(Also previously called achropachia, hypertrophic osteoarthropathy (HOA), hypertrophic pulmonary osteoarthropathy (HPOA), hypertrophic pulmonary osteopathy (HPO), Marie's disease, osteoporosis deformans, pulmonary osteoarthropathy (POA) ) 

This information is provided by Provet for educational purposes only.

You should seek the advice of your veterinarian if your pet is ill as only he or she can correctly advise on the diagnosis and recommend the treatment that is most appropriate for your pet.

Topics on this Page:

Hypertrophic osteopathy (HO) is a severely debilitating disease which occurs secondary to other diseases. The primary disease is usually a cancer, but occasionally others e.g. infectious diseases such as tuberculosis, and most often they involve the lungs or are disease processes lying within the chest. Affected animals develop bilateral, symmetrical soft tissue swelling of the lower legs with periosteal new bone formation. These bony changes do not involve the joints or joint capsule.

The precise cause of hypertrophic osteopathy is not yet understood. Blood flow to the lower limb is greatly increased in the early stages of the disease.

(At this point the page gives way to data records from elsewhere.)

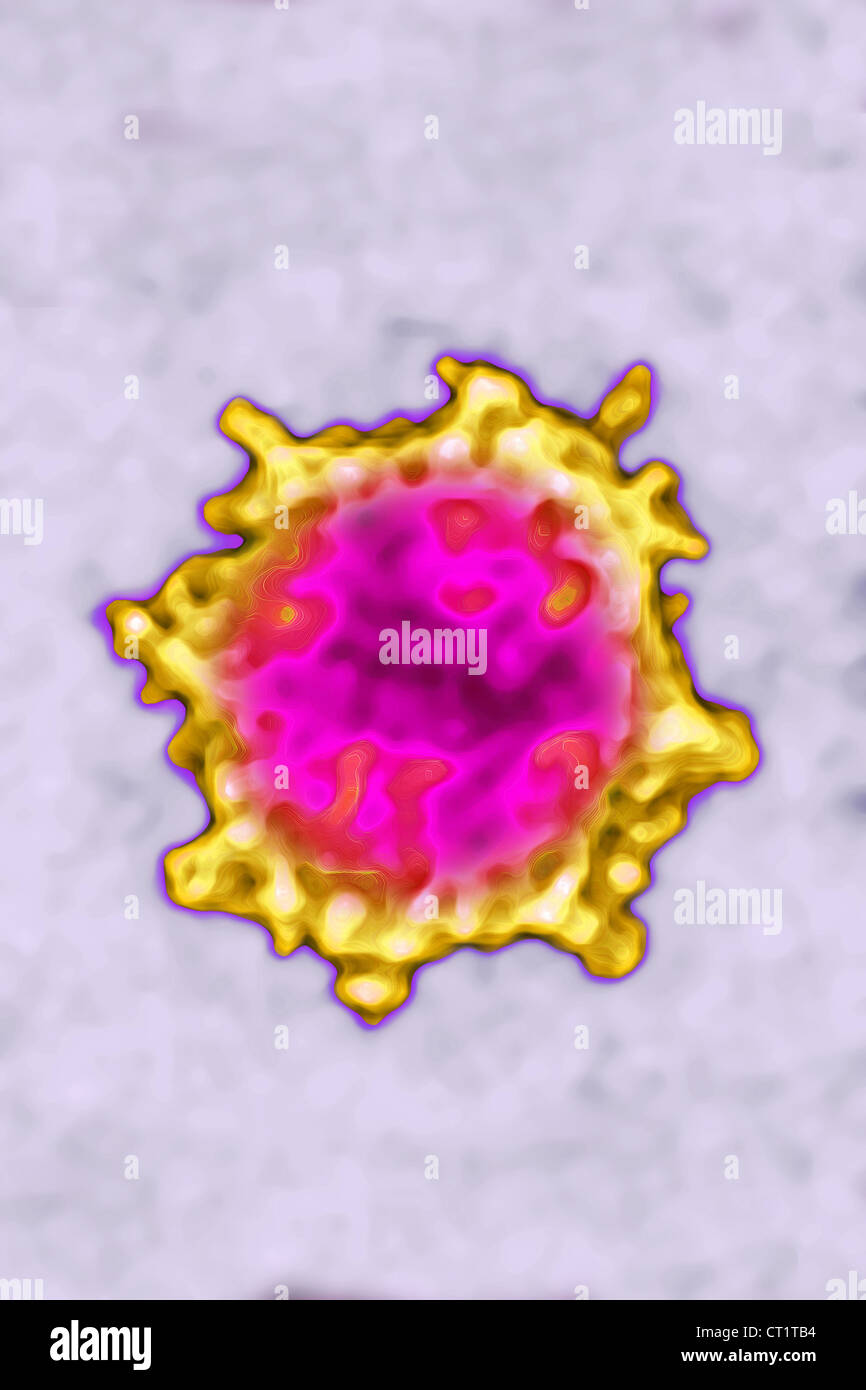 HEPATITIS E VIRUS Stockfoto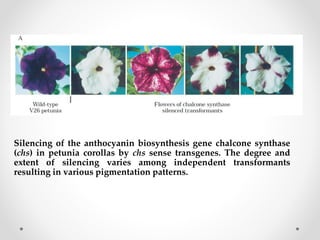 Silencing of the anthocyanin biosynthesis gene chalcone synthase
(chs) in petunia corollas by chs sense transgenes. The degree and
extent of silencing varies among independent transformants
resulting in various pigmentation patterns.
 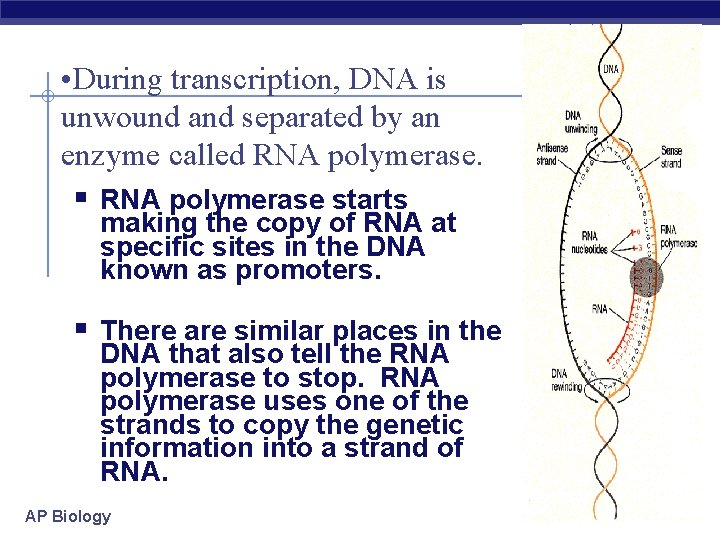  • During transcription, DNA is unwound and separated by an enzyme called RNA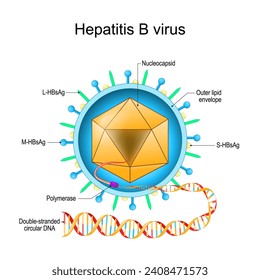 Struktur des Hepatitis-B-Virus. Virion-Anatomie. Infektionskrankheit der Leber, verursacht durch HBV. Virale Hepatitis. Vektorgrafik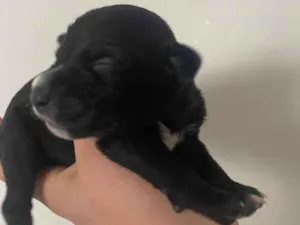 Cachorro raça SRD-ViraLata idade Abaixo de 2 meses nome Pretinho 2 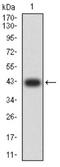 Pregnane X receptor antibody, NBP2-61817, Novus Biologicals, Western Blot image 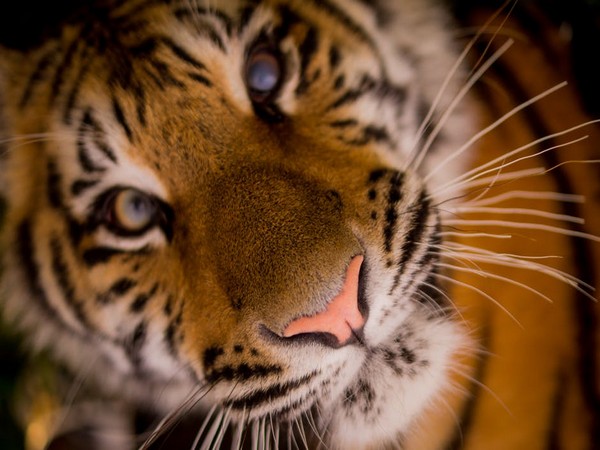 Tiger at New York's Bronx Zoo tests positive for coronavirus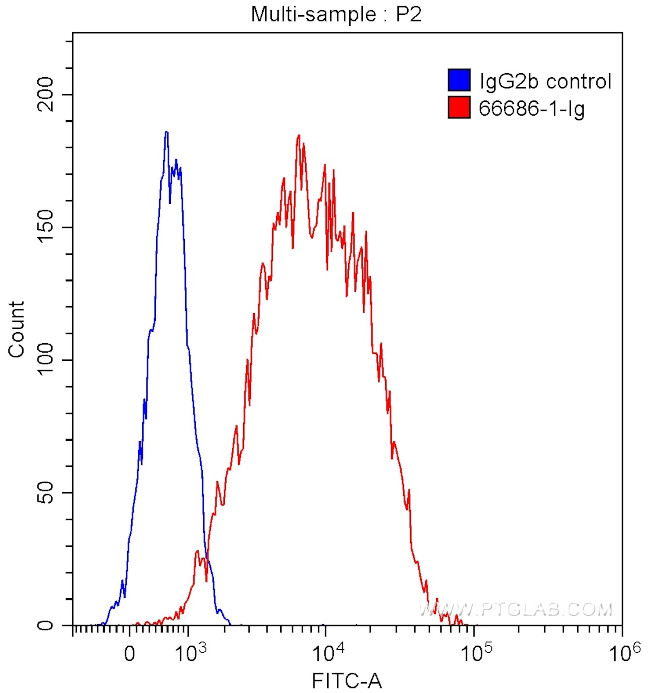 Galectin-4 Antibody in Flow Cytometry (Flow)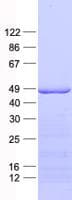 Human C18orf54 Protein (Recombinant His, N-Terminal)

Secondary lung cancer is the disease most often associated with HO, and primary lung cancer and primary bone cancer with secondary spread to the lungs are also very commonly reported. Dogs that have had amputation for bone cancer have a predisposition to develop hypertrophic osteopathy.

In the United States of America (Eastern States mainly) animals infected with spirocercosis, and in other parts of the world as well as the USA animals infected with heartworm may develop hypertrophic osteopathy.

Breed Occurence
Any breed of dog can be affected as can cats, sheep, cattle, horses, birds and other species.

Large breeds of dog are most often presented to veterinarians with the disease. The Boxer is particularly over-represented in case reports - but this probably reflects the high occurrence of bone cancer and primary lung cancer in this breed. The German Shepherd dog is also reported frequently.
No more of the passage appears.